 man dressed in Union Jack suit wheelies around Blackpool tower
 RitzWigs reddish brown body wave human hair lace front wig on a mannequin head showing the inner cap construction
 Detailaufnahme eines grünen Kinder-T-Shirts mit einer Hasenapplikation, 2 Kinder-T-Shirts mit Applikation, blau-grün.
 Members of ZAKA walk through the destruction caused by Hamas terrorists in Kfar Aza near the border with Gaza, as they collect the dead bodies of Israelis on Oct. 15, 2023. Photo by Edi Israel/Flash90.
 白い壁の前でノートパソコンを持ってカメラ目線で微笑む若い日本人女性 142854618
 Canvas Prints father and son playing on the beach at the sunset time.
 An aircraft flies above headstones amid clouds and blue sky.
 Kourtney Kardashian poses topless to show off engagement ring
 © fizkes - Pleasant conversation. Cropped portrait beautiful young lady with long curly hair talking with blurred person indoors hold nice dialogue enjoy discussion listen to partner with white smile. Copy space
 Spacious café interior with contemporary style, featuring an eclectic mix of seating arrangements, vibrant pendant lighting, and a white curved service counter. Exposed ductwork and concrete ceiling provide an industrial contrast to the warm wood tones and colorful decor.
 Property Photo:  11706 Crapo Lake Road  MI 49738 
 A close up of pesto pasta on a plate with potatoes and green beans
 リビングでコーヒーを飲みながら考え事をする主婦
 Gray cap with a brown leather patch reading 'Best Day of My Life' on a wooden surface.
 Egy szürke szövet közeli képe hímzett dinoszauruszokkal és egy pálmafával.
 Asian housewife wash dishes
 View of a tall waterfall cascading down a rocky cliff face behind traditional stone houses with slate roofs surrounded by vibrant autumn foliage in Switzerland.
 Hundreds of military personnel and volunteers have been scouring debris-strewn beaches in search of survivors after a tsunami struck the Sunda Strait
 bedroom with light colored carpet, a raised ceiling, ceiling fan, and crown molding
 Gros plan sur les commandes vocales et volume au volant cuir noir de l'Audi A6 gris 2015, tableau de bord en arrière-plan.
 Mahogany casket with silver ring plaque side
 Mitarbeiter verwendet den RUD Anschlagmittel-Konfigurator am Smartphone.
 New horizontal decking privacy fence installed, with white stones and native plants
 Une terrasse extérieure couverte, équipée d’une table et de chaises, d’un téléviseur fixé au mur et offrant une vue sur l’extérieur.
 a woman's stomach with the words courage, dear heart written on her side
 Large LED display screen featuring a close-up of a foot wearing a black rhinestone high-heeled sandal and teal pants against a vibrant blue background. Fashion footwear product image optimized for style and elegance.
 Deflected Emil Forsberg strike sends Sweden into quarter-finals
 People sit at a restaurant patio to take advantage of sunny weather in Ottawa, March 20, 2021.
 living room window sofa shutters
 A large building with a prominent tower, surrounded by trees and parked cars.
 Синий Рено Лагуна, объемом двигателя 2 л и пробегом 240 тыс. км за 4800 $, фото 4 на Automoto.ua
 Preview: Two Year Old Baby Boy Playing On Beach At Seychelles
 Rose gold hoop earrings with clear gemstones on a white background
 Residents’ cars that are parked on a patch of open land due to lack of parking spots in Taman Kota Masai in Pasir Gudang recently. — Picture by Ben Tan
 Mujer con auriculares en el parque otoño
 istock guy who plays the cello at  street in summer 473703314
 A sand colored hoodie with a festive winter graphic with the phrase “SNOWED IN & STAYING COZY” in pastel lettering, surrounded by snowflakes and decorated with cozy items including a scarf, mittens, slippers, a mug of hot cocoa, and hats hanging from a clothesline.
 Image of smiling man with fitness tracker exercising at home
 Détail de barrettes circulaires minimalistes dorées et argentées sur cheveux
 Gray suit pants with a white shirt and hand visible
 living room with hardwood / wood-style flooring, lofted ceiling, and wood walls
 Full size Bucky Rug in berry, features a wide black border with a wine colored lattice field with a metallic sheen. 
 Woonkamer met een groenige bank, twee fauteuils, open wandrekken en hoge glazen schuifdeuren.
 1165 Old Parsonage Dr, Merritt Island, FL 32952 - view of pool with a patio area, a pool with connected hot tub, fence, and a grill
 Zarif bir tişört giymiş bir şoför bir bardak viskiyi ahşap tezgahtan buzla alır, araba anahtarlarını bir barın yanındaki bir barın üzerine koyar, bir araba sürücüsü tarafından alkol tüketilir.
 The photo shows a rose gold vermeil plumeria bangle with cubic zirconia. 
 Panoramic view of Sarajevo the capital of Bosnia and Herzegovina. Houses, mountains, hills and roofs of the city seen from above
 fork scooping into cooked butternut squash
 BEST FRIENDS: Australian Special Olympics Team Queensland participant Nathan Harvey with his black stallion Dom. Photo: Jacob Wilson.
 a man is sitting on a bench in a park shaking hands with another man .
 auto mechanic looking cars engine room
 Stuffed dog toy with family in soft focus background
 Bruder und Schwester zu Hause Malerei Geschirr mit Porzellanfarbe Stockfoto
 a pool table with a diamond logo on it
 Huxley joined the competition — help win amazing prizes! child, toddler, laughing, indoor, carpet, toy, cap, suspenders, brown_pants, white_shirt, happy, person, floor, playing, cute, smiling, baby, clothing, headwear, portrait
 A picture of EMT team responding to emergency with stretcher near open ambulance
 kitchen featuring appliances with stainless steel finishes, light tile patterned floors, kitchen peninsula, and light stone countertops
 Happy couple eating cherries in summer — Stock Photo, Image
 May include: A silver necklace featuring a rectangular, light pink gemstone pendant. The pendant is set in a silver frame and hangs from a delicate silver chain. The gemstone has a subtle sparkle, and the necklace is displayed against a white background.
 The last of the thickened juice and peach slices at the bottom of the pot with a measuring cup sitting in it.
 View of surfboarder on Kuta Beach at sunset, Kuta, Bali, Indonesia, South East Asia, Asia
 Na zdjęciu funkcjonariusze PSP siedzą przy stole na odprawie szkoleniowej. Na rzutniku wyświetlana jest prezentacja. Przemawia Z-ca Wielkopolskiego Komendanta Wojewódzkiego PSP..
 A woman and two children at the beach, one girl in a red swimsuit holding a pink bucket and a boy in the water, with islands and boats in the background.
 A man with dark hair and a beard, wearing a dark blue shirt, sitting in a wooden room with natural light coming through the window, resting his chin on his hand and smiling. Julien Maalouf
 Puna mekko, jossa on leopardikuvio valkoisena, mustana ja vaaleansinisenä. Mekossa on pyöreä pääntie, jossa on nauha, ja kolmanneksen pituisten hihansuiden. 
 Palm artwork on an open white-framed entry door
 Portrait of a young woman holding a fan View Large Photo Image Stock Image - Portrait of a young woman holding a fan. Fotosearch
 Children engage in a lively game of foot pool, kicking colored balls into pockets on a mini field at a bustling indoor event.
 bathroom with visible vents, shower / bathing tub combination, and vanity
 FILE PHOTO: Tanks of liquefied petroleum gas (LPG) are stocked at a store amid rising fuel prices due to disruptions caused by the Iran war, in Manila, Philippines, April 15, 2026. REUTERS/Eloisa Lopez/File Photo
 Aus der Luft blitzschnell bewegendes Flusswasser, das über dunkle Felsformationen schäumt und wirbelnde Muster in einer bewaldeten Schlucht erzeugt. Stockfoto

YOUR INSTRUCTIONS. Using the entries above, return exactly the lines from the line with "A picture of" to the line with "Happy couple eating", counting both of those lines.

RESPONSE TO THE EXERCISE.
 A picture of EMT team responding to emergency with stretcher near open ambulance
 kitchen featuring appliances with stainless steel finishes, light tile patterned floors, kitchen peninsula, and light stone countertops
 Happy couple eating cherries in summer — Stock Photo, Image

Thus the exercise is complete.